Is there any way you can see if you can rule out the VPN by accessing the 10.6.1 Enterprise setup through and internal WiFi Connection? If you have the same issue in the internal network, then it would be easier to debug the web traffic via a program like fiddler and you can compare the web traffic to Collector signing on to ArcGIS Enterprise 10.5.1.
Hi Paul, Same here. I upgraded a customer AE base deployment test environment from 10.5.1 to 10.6.1 and it broke the authentication for ONLY the Collector for ArcGIS (IOS) using a Per-App VPN solution (airwatch). Explorer for ArcGIS still working fine as well as connecting Collector to another AE base deployment still running 10.5.1.
We also have the same issue. I am a System Administrator in our company. I also manage our MDM solution. I believe that this issue with Collector has to do with another iOS VPN issue.
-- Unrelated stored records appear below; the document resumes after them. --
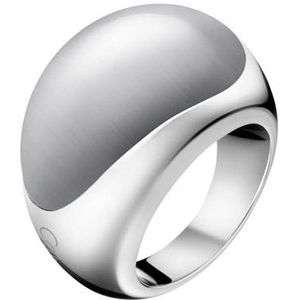 Calvin Klein Oceľový prsteň s kameňom Ellipse KJ3QWR0201 52 mm vyobraziť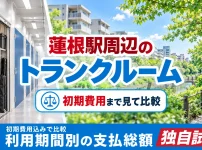 蓮根駅周辺のトランクルーム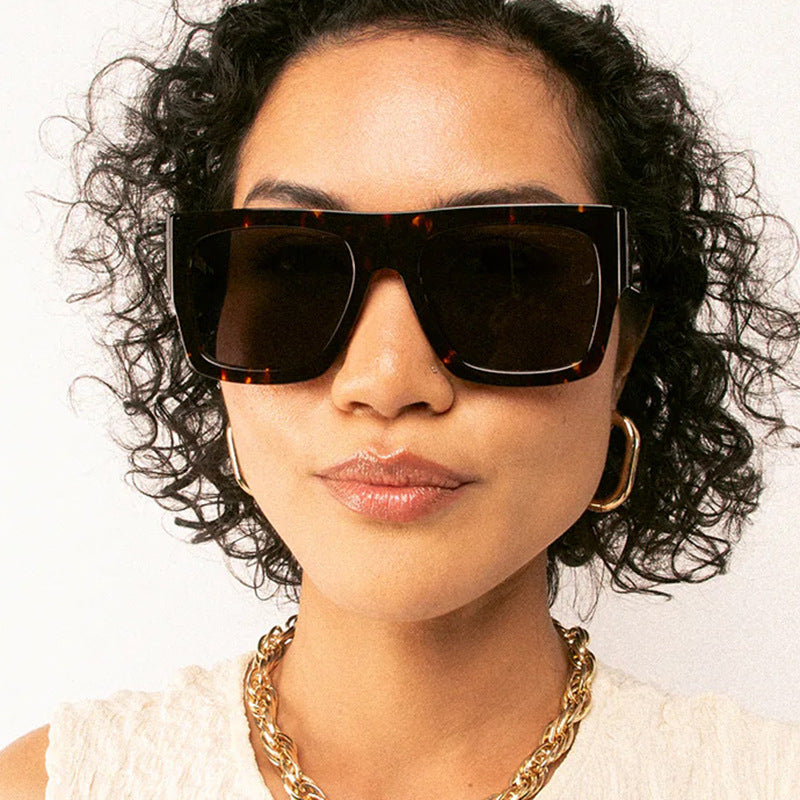 Damen quadratische Fashion Sonnenbrille Brehn
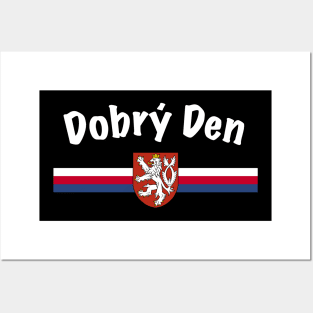Dobry Den Czech Republic Heritage Posters and Art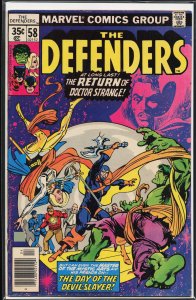 The Defenders #58 (1978) The Defenders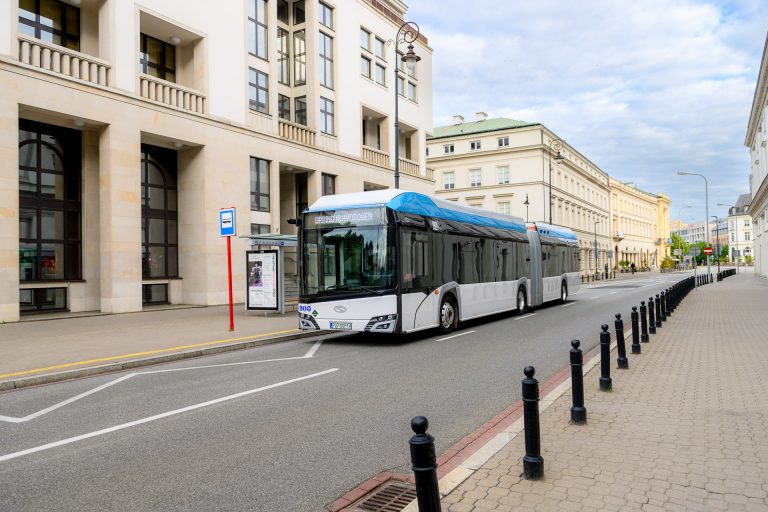 Solaris launches new articulated bus fueled by hydrogen Solaris launches new articulated bus fueled by hydrogen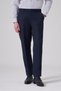 Men's Navy Blue Basic Straight Dynamic Fit Trousers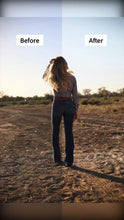 Load image into Gallery viewer, Dust and Glow lightroom mobile presets | warm western presets | rural lifestyle photo editing | iPhone and android
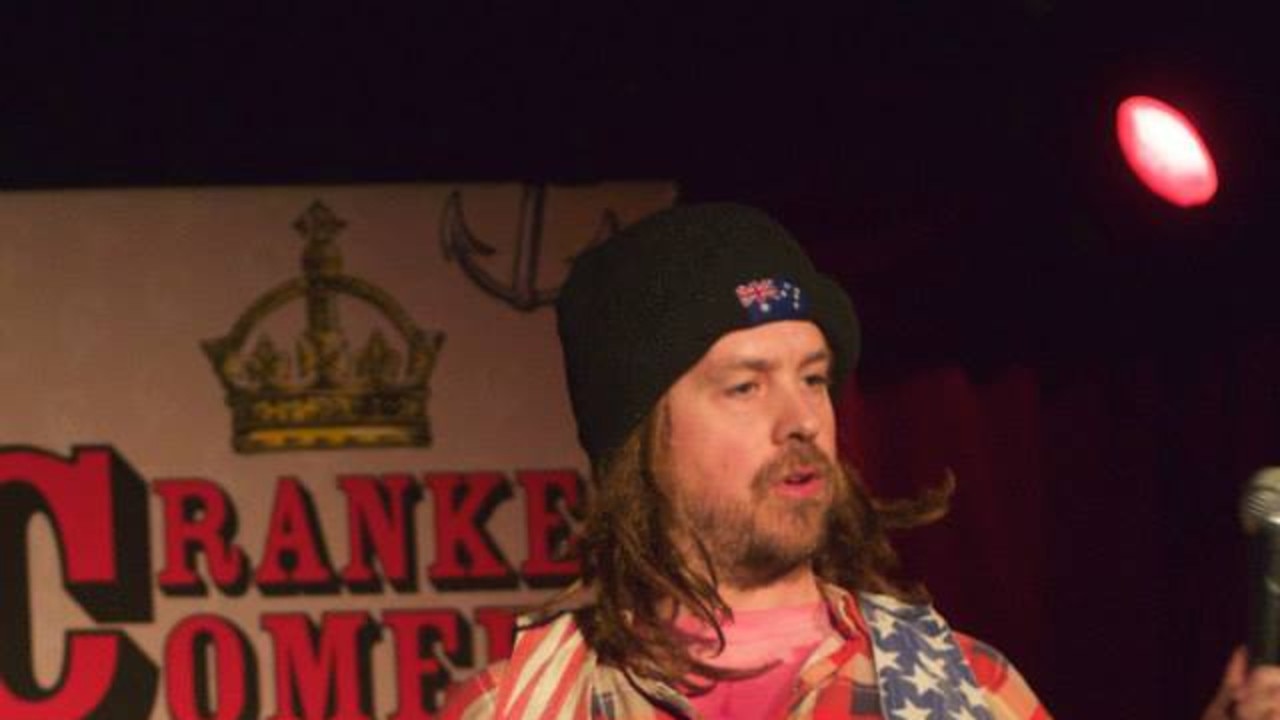 Seb Carboncini cranker comedy 19 August 2014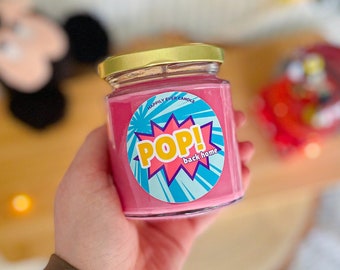 POP! back home - Pop Century Inspired - 8oz Glass Candle Cruelty free and vegan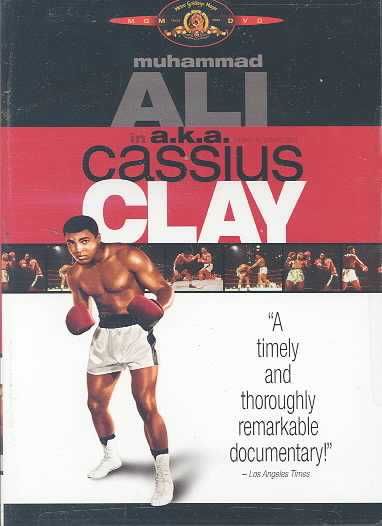 Aka:Cassius Clay - (Region 1 Import DVD)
There is an issue that so called iOS Web Clips fail to open/launch in fullscreen mode when using VPN/Tunnel Safari Domain rules. My guess is that Collector uses the fullscreen Web Clip in the background. For our situation i have created a workaround. I configured a non-fullscreen Web Clip which points to our company Portal for ArcGIS. This Web Clip is automatically created on our iPads. Users open the Web Clip which opens Safari. They logon to the ArcGis portal and after that they open the Collector app. Because of the SSO configuration they are automatically are logged into Collector.
We have the situation where Survey123 doesn't authenticate via F5 VPN with iPhone managed by Microsoft Intune.
Collector and Explorer don't have problems.
What would Survey123 be doing different?